讓我說得概括一些吧。我所指的基本財政困難,目前是避不了的,節約也無補於事。不過,這困難只是過渡性——如果中國的制度改革真的能繼續的話。如果幹部減少了,國家職工變為自由勞工或成為專業人士,他們就再也不會是政府的負擔;從他們那裡所得的直接、間接的收益或稅收是會有盈餘的。假若中國在工、商、農業上都有了明確的產權制度,基本建設給這些行業所帶來的利益,就會高過基本建設的成本;稅收也因而會有盈餘。這二者的盈餘就大可以「養兵千日」了。
過渡應以賣地解決財政困難
問題是簡單而重要的。中國若不繼續將制度改革,或走回頭路,什麼也不用說了;財政困難自然也解決不了。中國若繼續改進,她是不會有長遠的財政困難的。但在過渡期間,基本的財政困難是無可避免的。其解決的辦法是否適當,對中國的前途有很大的影響。
很不幸,中國目前所採用的辦法,對改革大有障礙,促成了一個「惡性循環」。在《拋磚引玉與急功近利》一文內,我指出中國目前不僅是稅項繁多,不僅是其它徵收的花樣不勝枚舉,而且政府當局又採取管制的辦法,在外貿和本來就比較容易壟斷的工商業那方面,增加了國家的壟斷實權。
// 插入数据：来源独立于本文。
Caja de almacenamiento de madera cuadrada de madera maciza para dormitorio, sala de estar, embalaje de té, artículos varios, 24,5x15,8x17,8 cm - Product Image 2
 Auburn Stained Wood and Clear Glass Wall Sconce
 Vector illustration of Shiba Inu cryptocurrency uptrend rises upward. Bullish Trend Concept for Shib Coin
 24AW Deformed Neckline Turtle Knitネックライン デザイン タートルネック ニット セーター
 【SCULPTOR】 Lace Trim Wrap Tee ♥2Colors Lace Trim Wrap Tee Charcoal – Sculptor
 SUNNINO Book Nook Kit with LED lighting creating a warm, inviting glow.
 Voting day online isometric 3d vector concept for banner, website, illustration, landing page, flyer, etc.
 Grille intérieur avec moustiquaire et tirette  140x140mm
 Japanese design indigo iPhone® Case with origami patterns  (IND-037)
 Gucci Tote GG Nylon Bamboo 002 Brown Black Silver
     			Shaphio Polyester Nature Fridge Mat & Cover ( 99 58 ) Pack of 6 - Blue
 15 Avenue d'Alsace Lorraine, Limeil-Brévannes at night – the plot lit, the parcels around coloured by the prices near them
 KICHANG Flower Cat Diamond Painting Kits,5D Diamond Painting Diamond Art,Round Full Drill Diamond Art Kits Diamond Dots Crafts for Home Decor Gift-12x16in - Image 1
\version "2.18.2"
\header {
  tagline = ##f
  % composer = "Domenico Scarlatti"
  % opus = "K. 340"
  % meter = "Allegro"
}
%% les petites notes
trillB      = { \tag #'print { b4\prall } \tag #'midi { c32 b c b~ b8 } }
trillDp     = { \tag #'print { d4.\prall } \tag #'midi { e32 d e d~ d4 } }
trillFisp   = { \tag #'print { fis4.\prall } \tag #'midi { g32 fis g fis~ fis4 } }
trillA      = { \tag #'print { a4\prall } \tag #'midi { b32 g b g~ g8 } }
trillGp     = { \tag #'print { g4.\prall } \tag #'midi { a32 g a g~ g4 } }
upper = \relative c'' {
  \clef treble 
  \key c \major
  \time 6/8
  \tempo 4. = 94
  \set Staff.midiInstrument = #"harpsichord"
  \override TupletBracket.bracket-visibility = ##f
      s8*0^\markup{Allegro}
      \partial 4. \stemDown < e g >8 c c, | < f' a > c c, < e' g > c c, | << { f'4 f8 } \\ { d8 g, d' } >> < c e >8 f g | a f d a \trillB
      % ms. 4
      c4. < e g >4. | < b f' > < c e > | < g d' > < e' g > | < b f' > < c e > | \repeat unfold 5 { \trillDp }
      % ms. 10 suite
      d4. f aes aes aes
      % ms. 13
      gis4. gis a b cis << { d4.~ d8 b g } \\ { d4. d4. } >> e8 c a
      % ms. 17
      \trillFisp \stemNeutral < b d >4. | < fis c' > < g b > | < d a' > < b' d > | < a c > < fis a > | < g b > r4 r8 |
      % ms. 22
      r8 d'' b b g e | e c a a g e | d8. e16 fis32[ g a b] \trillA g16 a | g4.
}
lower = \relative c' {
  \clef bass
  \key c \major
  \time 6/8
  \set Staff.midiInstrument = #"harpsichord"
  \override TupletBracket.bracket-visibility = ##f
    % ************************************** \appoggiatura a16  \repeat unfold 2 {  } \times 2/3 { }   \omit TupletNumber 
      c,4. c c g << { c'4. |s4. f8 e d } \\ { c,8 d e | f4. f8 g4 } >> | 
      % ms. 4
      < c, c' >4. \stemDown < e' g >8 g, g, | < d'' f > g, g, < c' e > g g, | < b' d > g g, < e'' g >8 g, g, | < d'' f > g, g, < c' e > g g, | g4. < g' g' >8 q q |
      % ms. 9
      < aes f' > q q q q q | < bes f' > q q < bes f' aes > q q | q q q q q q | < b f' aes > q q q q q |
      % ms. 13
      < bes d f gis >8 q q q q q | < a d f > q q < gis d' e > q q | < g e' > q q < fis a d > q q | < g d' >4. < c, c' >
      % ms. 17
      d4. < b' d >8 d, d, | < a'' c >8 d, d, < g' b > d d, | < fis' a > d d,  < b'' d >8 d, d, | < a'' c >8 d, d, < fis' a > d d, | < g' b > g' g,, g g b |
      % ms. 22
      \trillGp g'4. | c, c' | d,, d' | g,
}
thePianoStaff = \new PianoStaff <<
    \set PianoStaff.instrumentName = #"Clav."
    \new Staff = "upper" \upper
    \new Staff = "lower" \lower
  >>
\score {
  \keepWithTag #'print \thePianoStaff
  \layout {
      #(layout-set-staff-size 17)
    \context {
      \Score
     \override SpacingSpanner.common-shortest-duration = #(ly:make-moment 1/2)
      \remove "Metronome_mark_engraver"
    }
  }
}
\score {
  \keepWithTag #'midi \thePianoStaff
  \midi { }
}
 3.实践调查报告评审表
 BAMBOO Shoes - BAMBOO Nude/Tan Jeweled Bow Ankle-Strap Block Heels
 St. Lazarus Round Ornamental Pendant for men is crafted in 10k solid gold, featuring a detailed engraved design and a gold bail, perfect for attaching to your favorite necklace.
這樣做就阻礙了國民收入的增長。低的國民收入導致財政收入的下降,而財政收入的不足,卻又導致更繁更多的徵收及政府的壟斷。
中國不以濫印鈔票的辦法,即不以搾取人民所得的通脹辦法,來幫助解決財政的困難,是值得讚賞的。然而,要解決過渡性的財政困難,錢從何處來?向外大量借貸,既不容易,也不化算;向內大幅度徵收則對經濟發展大有損害;而以外匯管制的辦法來搞「創匯」更是不智。其實,油價大幅度下降,減少外匯的收入,但卻大有好處。這是因為中國的經濟發展若再進一步,就一定要輸入石油,油價當然是越低越有利的了。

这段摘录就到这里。